Find the line with "Pastel de zapallo" in the entries below, then reproduce it and every line after it down to and including the line with "204 Ellis St — Photo 14", exactly.

◆ **WORKING DATA**
————————

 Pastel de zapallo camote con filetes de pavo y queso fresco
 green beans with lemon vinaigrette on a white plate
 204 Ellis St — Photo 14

————————

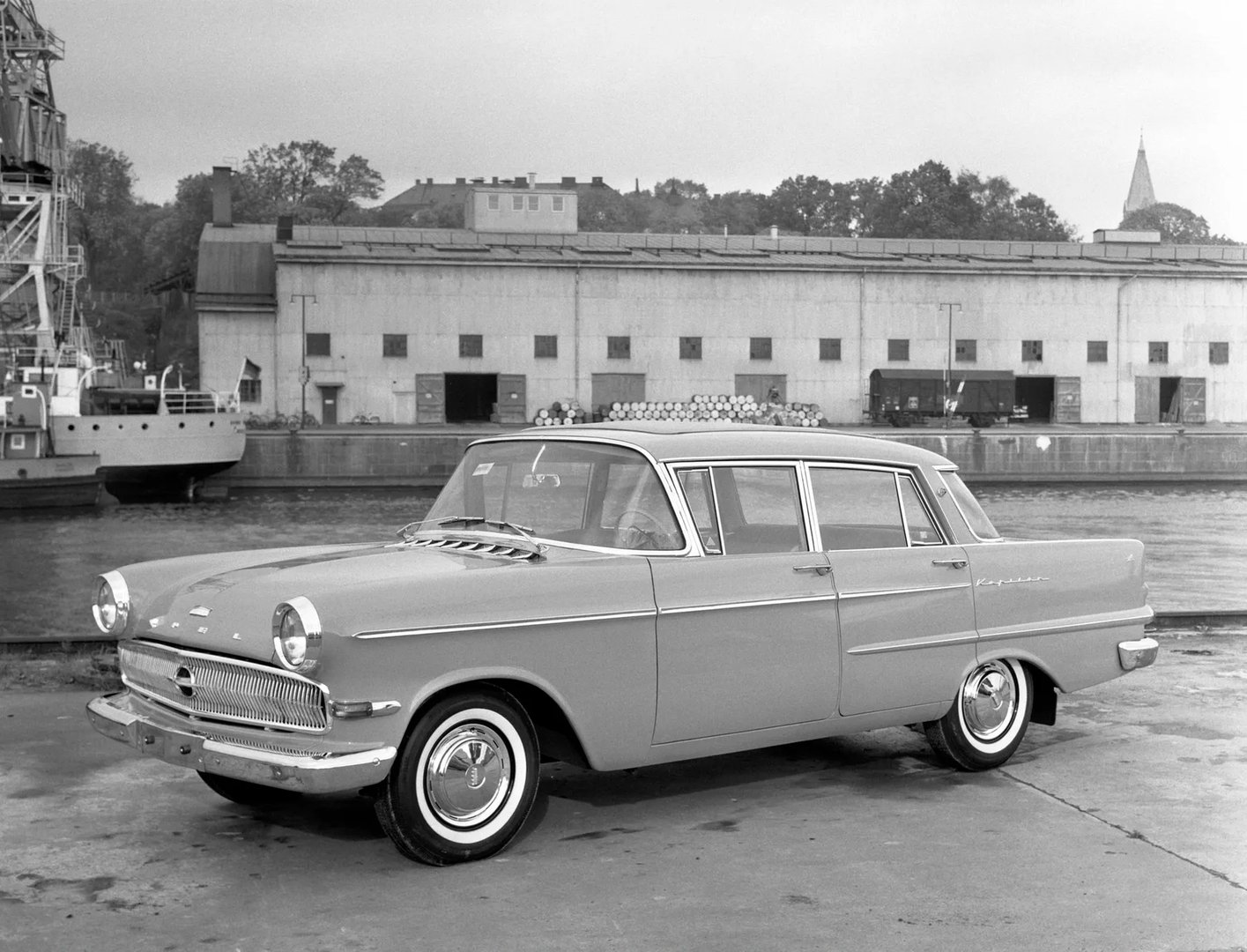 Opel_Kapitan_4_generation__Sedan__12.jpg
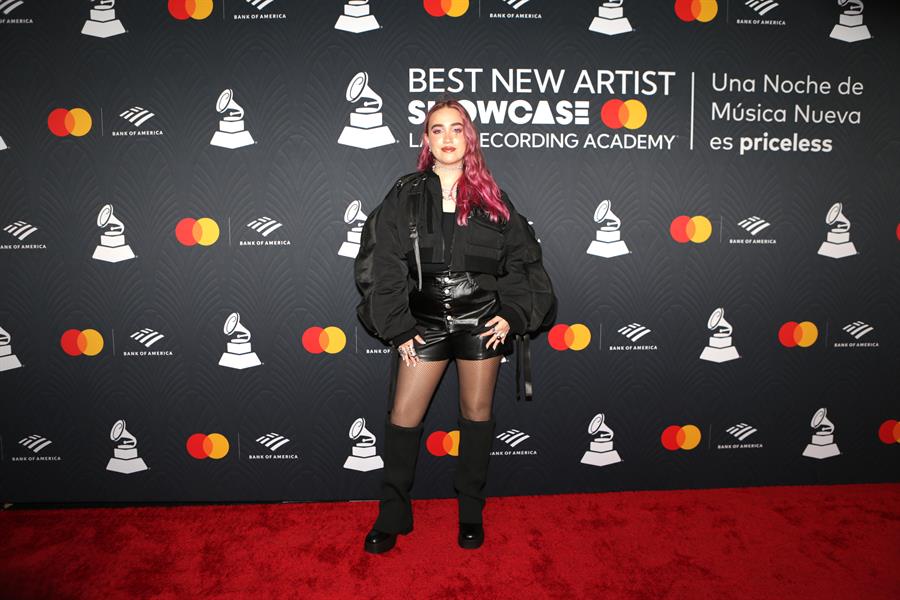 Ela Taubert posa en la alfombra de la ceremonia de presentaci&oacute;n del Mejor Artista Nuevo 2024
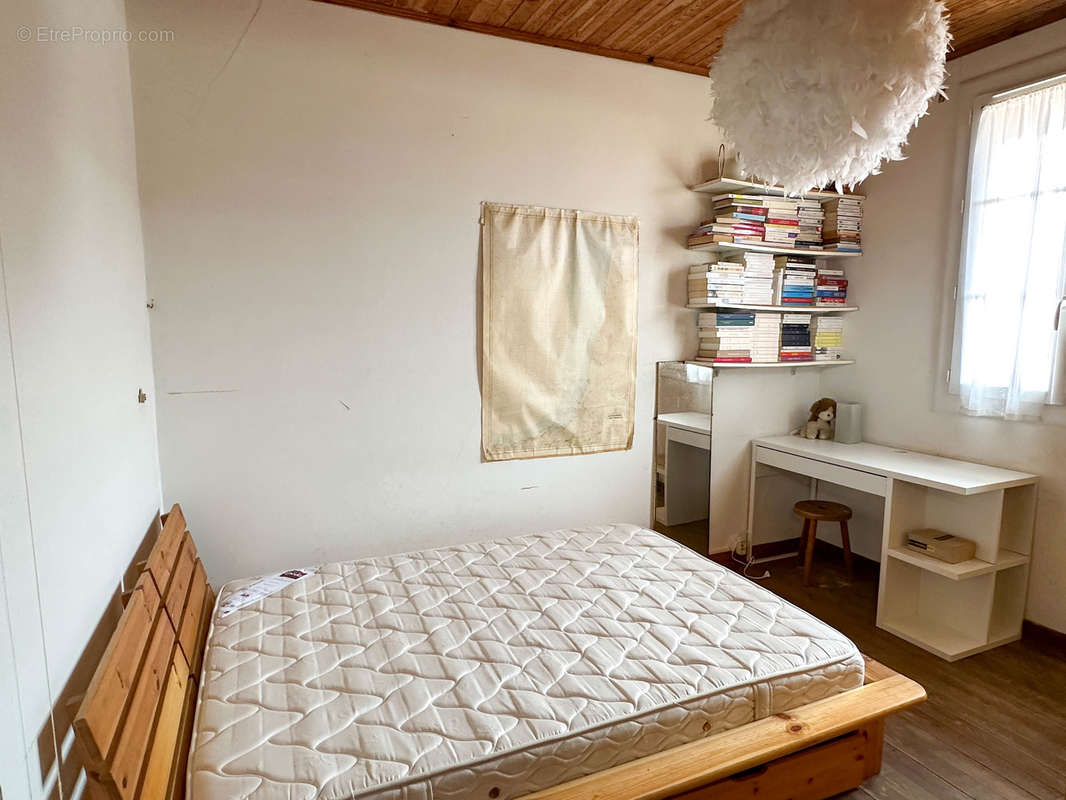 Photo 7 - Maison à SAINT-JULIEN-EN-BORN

————————

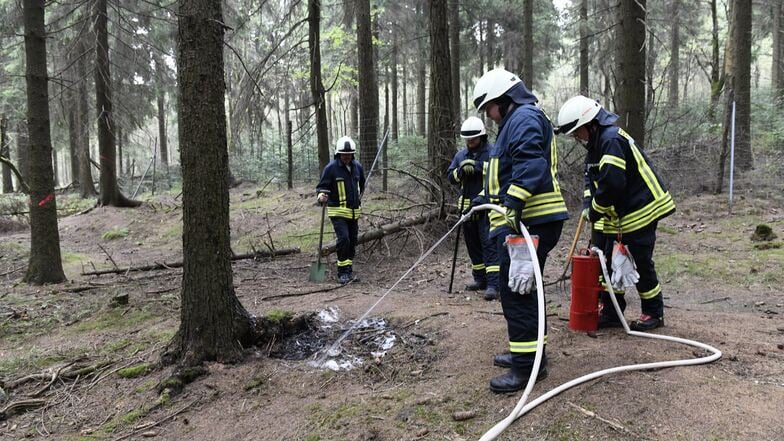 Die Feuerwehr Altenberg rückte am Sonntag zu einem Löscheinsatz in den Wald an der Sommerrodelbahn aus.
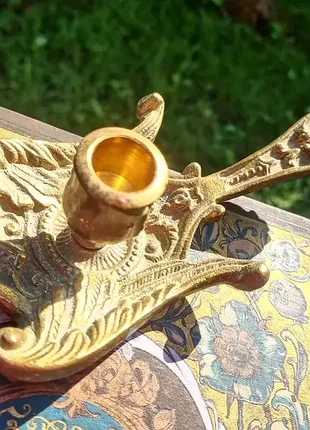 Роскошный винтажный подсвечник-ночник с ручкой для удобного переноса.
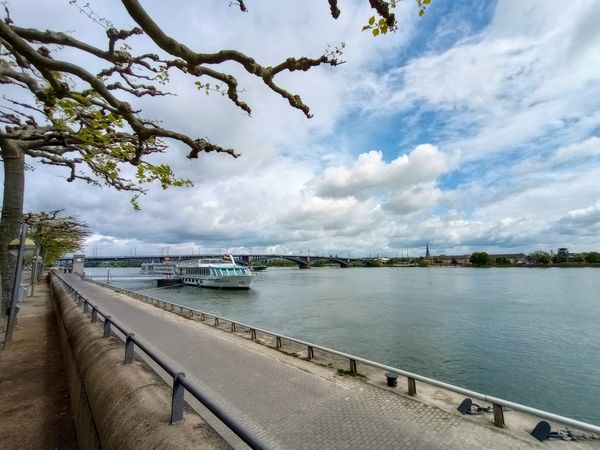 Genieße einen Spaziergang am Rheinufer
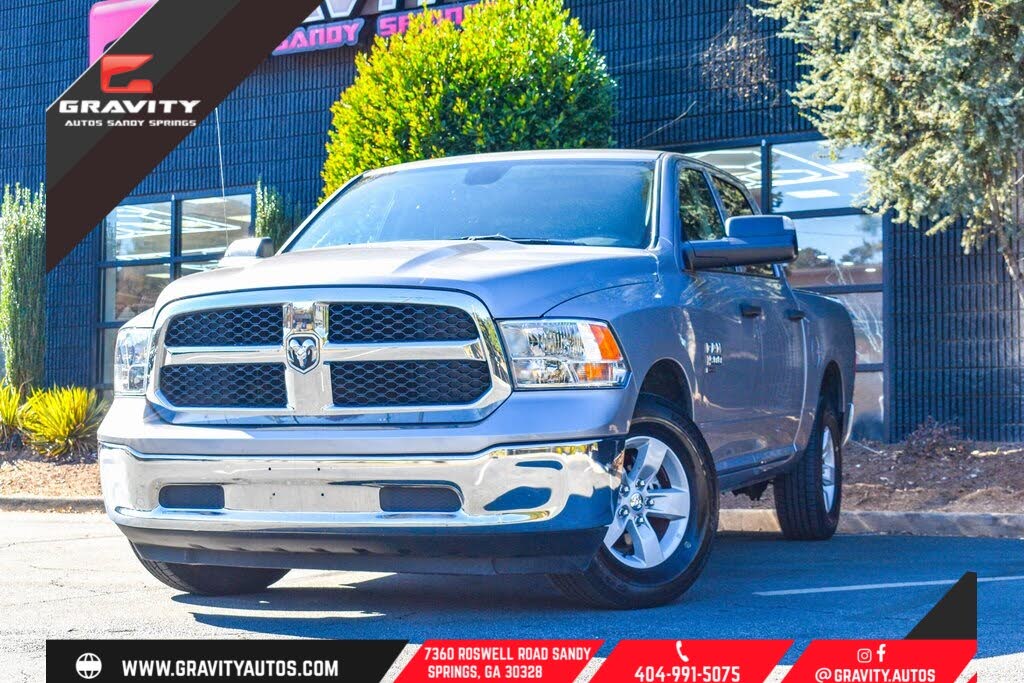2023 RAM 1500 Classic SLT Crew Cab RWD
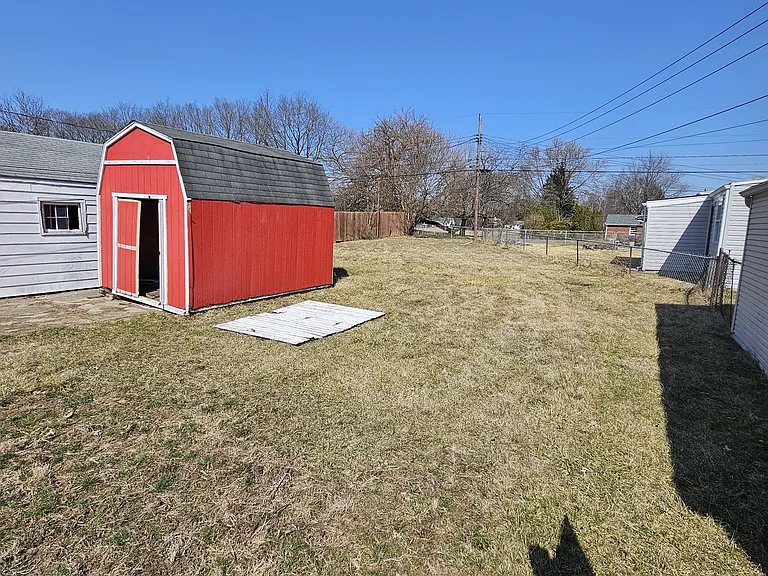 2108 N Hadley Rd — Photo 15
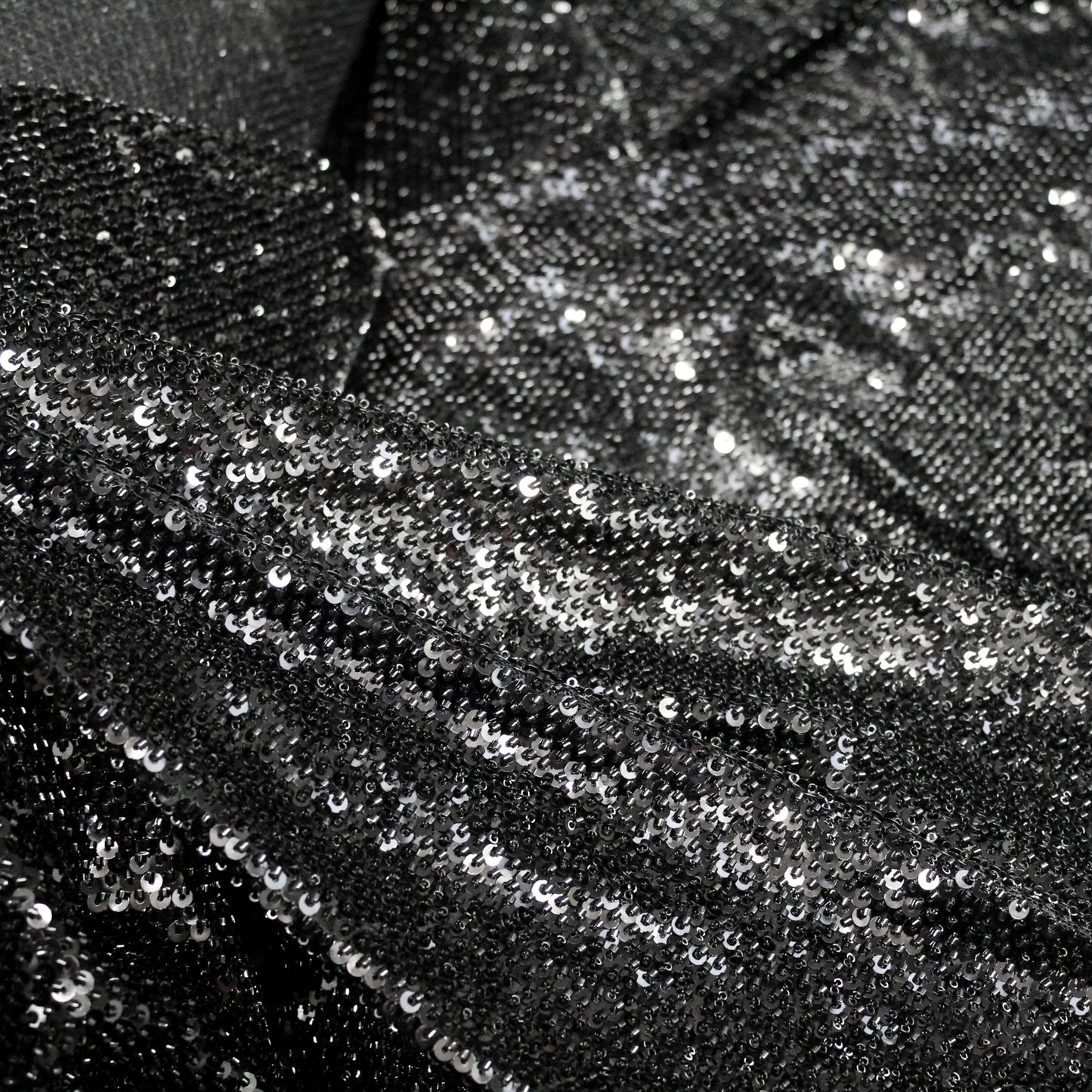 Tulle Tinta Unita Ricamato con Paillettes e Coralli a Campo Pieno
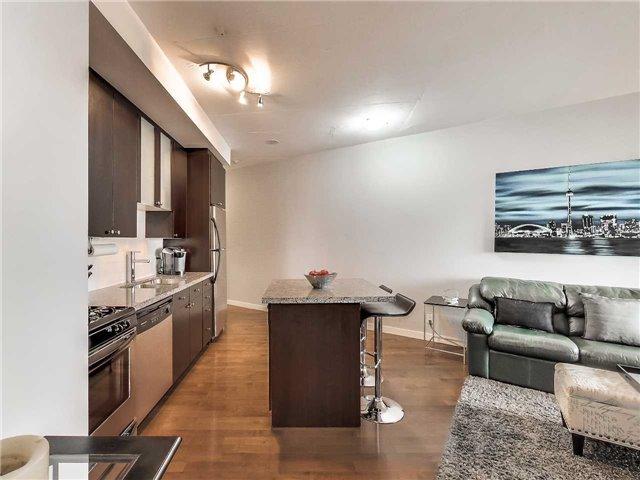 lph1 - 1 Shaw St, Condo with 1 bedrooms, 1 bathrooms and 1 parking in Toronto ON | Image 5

————————

◆ **SOLUTION FOR THIS PROBLEM**
 Pastel de zapallo camote con filetes de pavo y queso fresco
 green beans with lemon vinaigrette on a white plate
 204 Ellis St — Photo 14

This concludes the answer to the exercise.